The Jupyter Cinematic Universe

A constellation of somewhat-compatible technologies from which we can extract a compromise between ease of 1) actually doing data science and 2) seeming to laypeople to be doing data science 3) begrudging IT support

2017-02-09 — 2024-12-04

faster pussycat

premature optimization

python

Suspiciously similar content

A famous python-derived entrant in the scientific workbook field is called jupyter. Because of its age, it is a default for many people, and so it is worth knowing about.

Interactive “notebook” computing for various languages; python/julia/R/whatever plugs into the “kernel” interface. Jupyter allows easy(ish) online-friendly worksheets, which are both interactive and easy to export for static online use. This is handy. Handy enough that it’s sometimes worth the many rough spots, and so I conquer my discomfort and use it.
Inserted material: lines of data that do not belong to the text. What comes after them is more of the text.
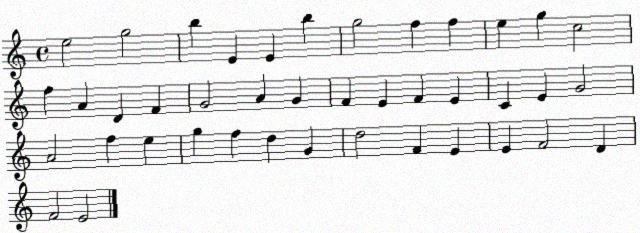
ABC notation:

X:1
T:Untitled
M:4/4
L:1/4
K:C
e2 g2 b E E b g2 f f e g c2 f A D F G2 A G F E F E C E G2 A2 f e g f d G d2 F E E F2 D F2 E2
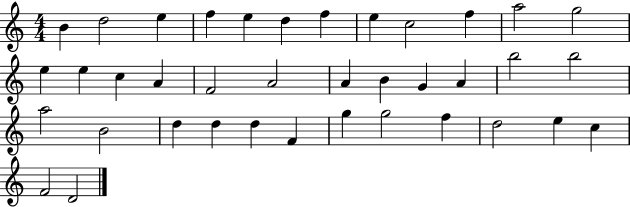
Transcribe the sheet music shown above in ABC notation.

For all that Jupyter was important in advancing the field in 2014, I am notably unimpressed by Jupyter in the modern era.
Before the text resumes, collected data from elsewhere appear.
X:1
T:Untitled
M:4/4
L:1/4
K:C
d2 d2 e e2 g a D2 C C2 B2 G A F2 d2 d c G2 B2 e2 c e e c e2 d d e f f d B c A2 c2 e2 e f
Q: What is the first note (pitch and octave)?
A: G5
Unless you have a compelling reason to use jupyter specifically, why not use something more modern?

For python: I prefer marimo
for julia: I prefer Pluto.jl, or VS Code with the julia extension
for R: RStudio, quarto etc
Other languages: …

1 Why jupyter?

What does jupyter buy us? Is it worth the set-up time spent configuring this contraption?
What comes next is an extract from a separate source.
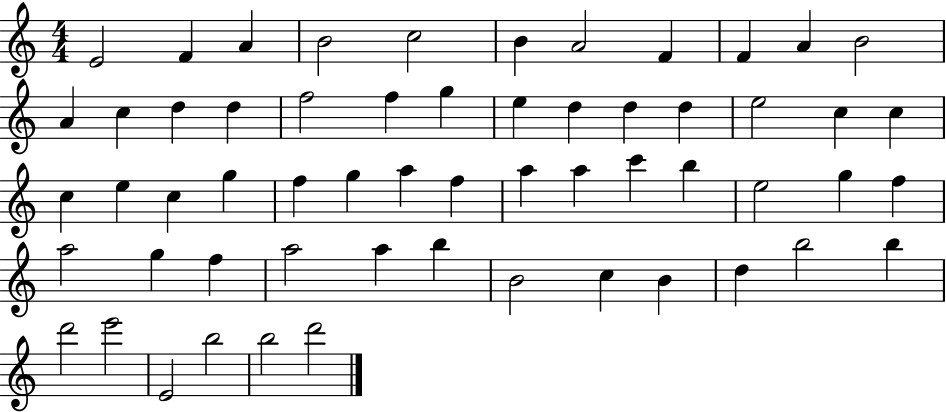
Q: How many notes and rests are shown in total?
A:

Jupyter is a de facto standard for running remote computation jobs interactively. The browser-based, network-friendly jupyter notebook is a natural, easy way to execute tedious computations on some other computer somewhere else, with some kind of a paper trail. In particular, it is much better over unreliable networks than are remote terminals or remote desktops, because the client/server architecture doesn’t need to do so many round-trips to get the code output back to the user. A good feature of jupyter (maybe its best) is a kind of re-designed network terminal. Certainly, if what we need to do could be executed over remote desktop or jupyter, jupyter is going to be less awful over laggy network connections, when every mouse click and keystroke involves waiting and twiddling your fingers.

What else? People make UX arguments, e.g. that jupyter is friendly and supports interactive plots and so on. I am personally ambivalent about those arguments. Jupyter can do some things better than the console. That artificially restricted comparison does not reassure me; we are not limited to the console. Indeed, most things that Jupyter does, it does worse than a proper IDE or decent code editor. Sometimes those other tools are not available on, say, the local HPC cluster or cloud compute environment, and then this becomes a relevant advantage. Usually though, we can install VS Code Remote, unless we have angered the sysadmins. If we really want a quick minimalist UI, Marimo is probably better.

These factors (UI, remote-network-friendliness) were both game-changing in 2014, and I think people are still excited about this element of jupyter, even though there are greatly superior alternatives around, some of them also free and open source, which build upon the same infrastructure but throw out the annoying python front-end.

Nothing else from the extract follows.